◆ **Exercise**
Transcribe exactly, and without pictures, the lines from the one that contains "Vendita Capannone in via quarto negroni" through the last line of the material.

◆ **Source data**
▼

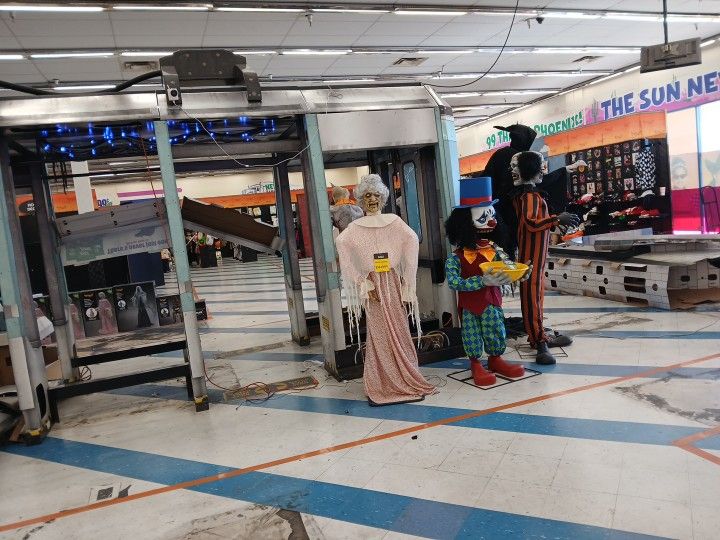 Halloween Subway And Entrance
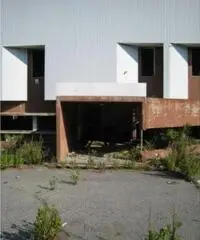 Vendita Capannone in via quarto negroni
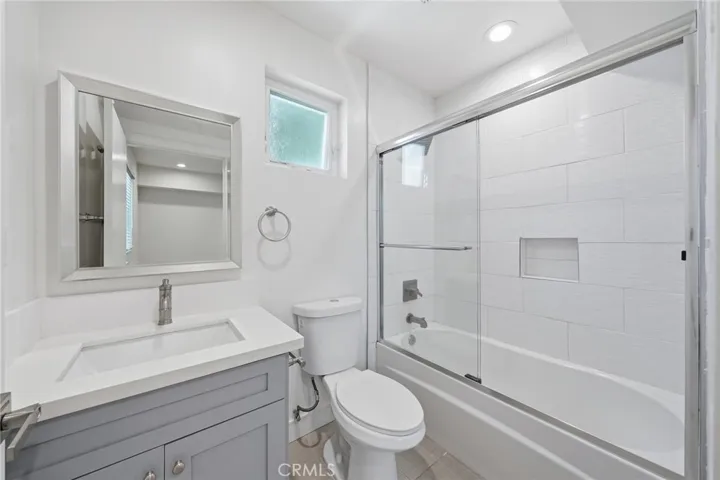 1233 W 39th, Los Angeles, California 90037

▲

◆ **Problem solution**
 Vendita Capannone in via quarto negroni
 1233 W 39th, Los Angeles, California 90037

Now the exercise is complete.